_Exercise directions_:
Entries below include pictures. Output exactly the lines from the one with "Unwind in your" down to the one with "a view of a building with a street view", both ends included, and leave the pictures out.

_Source material_:
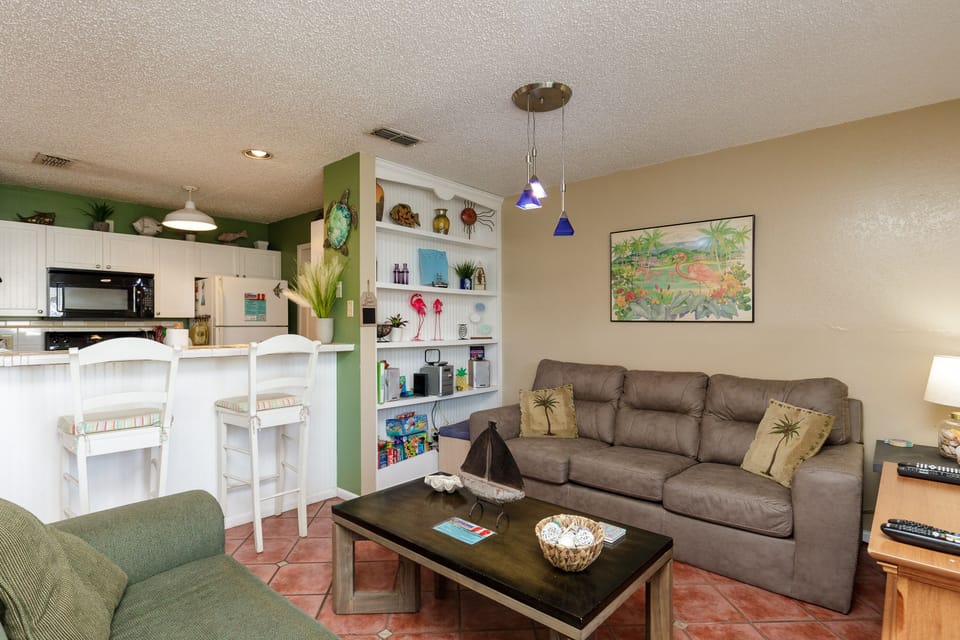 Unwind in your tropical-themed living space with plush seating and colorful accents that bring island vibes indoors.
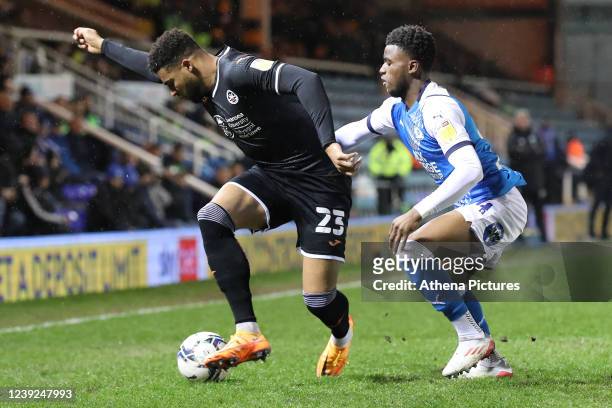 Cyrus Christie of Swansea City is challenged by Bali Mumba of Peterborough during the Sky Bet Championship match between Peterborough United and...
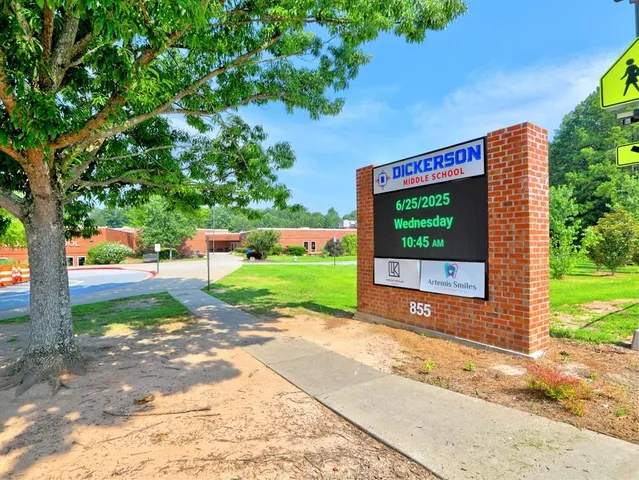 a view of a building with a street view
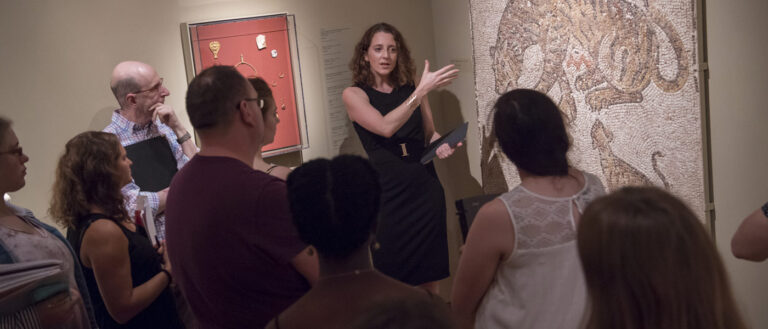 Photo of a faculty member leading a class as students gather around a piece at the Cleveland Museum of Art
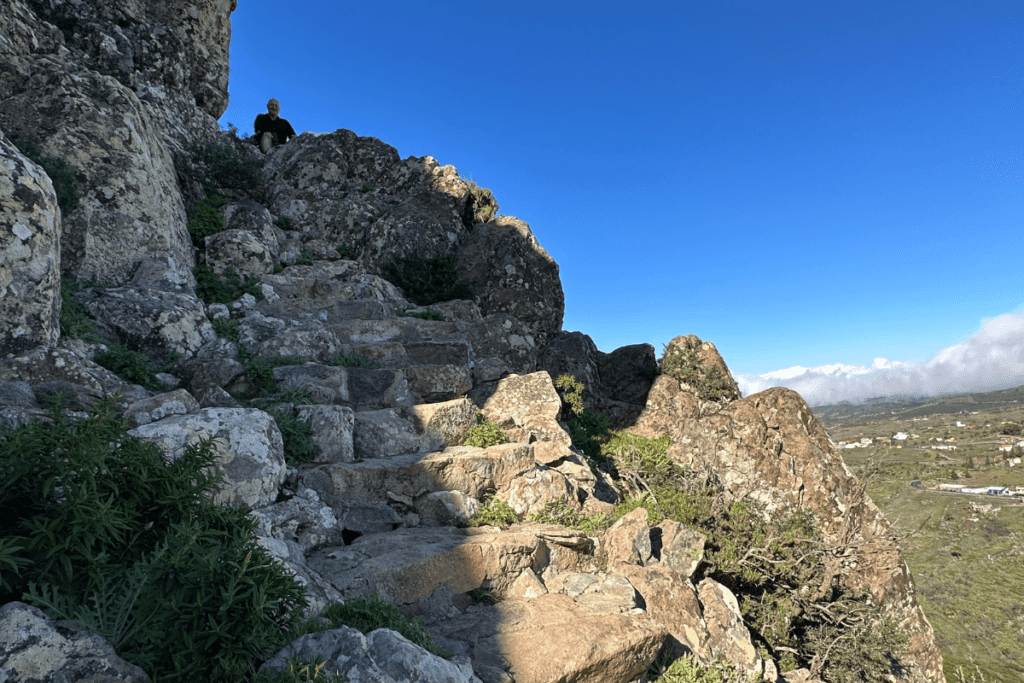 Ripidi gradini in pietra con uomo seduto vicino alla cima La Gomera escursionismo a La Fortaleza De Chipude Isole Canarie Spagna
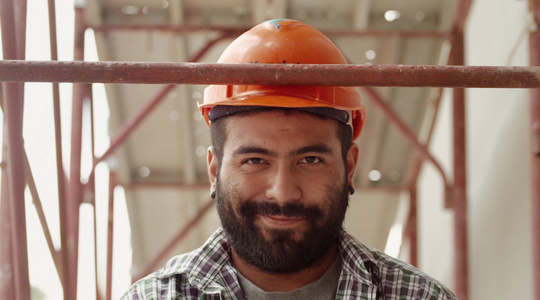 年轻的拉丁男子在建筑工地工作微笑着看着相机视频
---
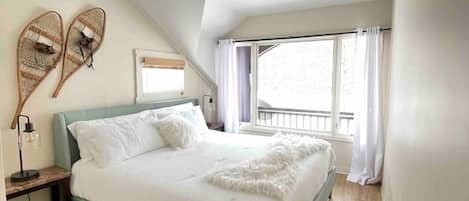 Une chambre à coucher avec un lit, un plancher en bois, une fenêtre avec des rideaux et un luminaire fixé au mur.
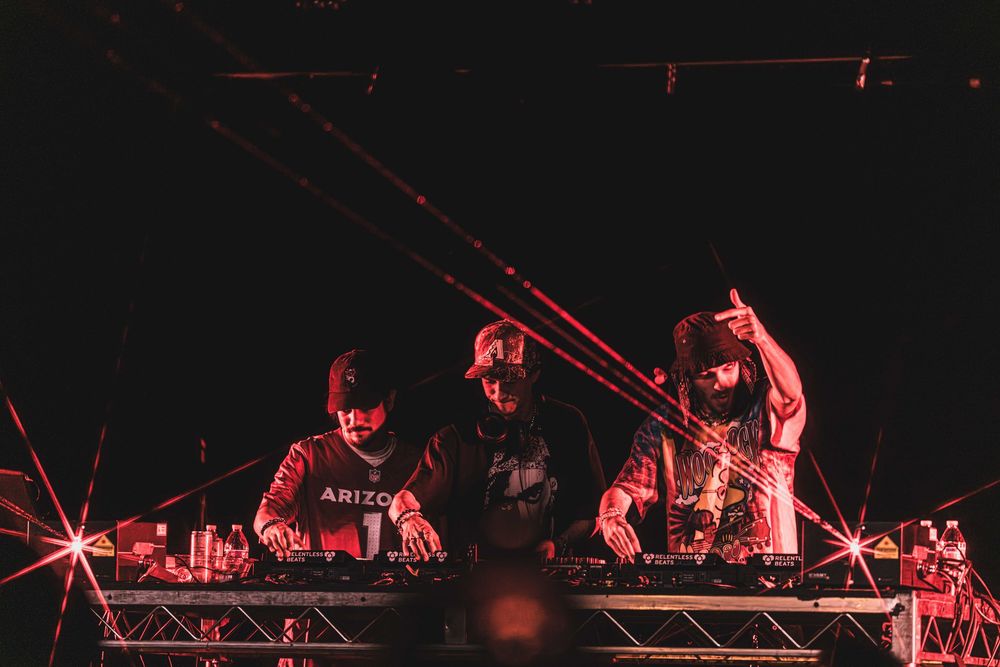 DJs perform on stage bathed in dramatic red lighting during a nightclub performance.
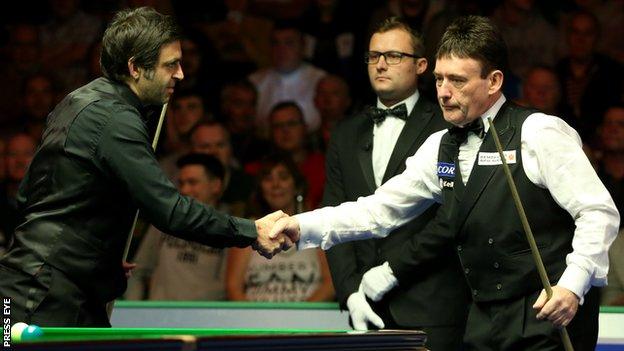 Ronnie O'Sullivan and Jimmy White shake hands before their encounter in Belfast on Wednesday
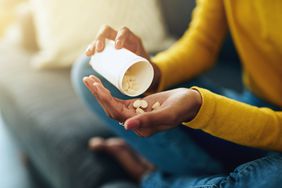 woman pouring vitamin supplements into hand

_Reply to the exercise_:
 Unwind in your tropical-themed living space with plush seating and colorful accents that bring island vibes indoors.
 Cyrus Christie of Swansea City is challenged by Bali Mumba of Peterborough during the Sky Bet Championship match between Peterborough United and...
 a view of a building with a street view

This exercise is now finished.